My last career before becoming a full-time novelist was managing a digital archive founded deep within the library system at the megaversity, the University of Texas at Austin. For most of those twelve years, my salary depended on my ability to obtain grants from the National Endowment for the Humanities. Getting that first grant requires a great project and evidence of good planning; getting the subsequent grants requires proof that you managed your first grant correctly. That means you must learn to navigate a vast and complex bureaucracy. Not alone! There are whole offices devoted to helping faculty and staff manage such funds. It helps not to thrash against the complexity and the opacity and the multiplicity of forms. Don’t even think about trying to fiddle them; it can’t be done. fiddles

Don’t ask why. That was my motto, until I read Victor Morgan’s A History of the University of Cambridge. Volume II: 1546-1750 (Cambridge University Press, 2004.) I’ve raved about this book already: the clarity of writing, the breadth and depth of scholarship, the wit and understanding displayed in the selection of anecdotes. In this post, I’ll look at some of the reasons we draw clear, bright, shining lines — in triplicate — between grant-funded activities and everything else.

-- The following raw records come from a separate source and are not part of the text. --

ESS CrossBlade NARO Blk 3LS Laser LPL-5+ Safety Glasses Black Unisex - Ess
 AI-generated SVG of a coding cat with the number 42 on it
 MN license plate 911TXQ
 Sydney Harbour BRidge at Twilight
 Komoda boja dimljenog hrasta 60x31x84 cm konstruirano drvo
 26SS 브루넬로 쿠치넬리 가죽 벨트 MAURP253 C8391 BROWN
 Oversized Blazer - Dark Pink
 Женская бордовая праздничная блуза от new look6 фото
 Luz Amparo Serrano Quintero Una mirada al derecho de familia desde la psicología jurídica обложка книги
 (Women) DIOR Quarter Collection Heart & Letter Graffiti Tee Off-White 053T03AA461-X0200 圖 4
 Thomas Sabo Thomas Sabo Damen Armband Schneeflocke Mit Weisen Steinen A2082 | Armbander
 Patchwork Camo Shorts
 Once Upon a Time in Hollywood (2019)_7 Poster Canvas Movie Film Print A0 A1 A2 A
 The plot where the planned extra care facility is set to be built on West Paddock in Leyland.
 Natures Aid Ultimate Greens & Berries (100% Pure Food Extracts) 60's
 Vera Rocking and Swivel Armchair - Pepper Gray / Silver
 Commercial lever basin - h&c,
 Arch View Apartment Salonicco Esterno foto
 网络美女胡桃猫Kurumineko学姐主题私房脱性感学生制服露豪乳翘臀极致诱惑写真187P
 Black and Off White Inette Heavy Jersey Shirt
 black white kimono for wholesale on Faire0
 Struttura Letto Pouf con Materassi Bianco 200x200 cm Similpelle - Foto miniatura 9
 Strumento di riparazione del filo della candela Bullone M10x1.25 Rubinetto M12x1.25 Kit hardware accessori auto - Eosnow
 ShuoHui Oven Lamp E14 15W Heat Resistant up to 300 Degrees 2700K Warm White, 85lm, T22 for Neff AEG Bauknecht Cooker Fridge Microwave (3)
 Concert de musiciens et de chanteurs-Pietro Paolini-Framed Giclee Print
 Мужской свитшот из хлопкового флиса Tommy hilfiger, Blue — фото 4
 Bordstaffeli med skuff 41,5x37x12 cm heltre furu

Universities have long memories. In olden days, like Tudor times, there were no regular audits. (At UT, we were audited by the university, the state, and the federal government.) Audits could happen, in theory. Audits might be proposed or even threatened, but they rarely actually came to pass. There were no Accounting Departments or Offices of Sponsored Projects to disburse your funds after you fill out an elaborate and mysterious form for each specific expenditure. I(“Not eligible for bsp” is my personal favorite. This note had to be included in every salary assignment.)

In the sixteenth century, heads of Cambridge colleges managed their college’s funds directly; often to their own advantage. Colleges were funded by endowments. Endowments these days are usually stock portfolios. I had no idea which widget factories, service providers, or cornfields produced the $1.5 million in grants we won for the archive in my years there. Somewhere underneath the numbers there must have been an actual something, one supposes. But the head of a college in a university in the sixteenth century knew exactly where his funds came from. In fact, if you were the recipient of a Bacon scholarship, you could probably ride out to the field in Norfolk or Cambridgeshire and have a look at the crops that would pay for your bread and beer next term.

Wealth meant land, so endowments were gifts of estates. The college would then lease the estate to a tenant who would farm it and pay the college an annual rent. The bursar of the college rode out to collect the said rents, as well as the fines (fees) for renewing leases. Leases could be for odd lengths of time, by our standards. Their standards were shifting from a long, stability-oriented perspective to a short-term profit perspective. From medieval to modern, in other words. Some leases were for “lives,” which originally meant actual lifetimes and then gradually boiled down to twenty-one years or even just seven. I can’t explain that process. The upshot is that some tenants held leases of valuable property at absurdly low rents, especially in those inflationary times.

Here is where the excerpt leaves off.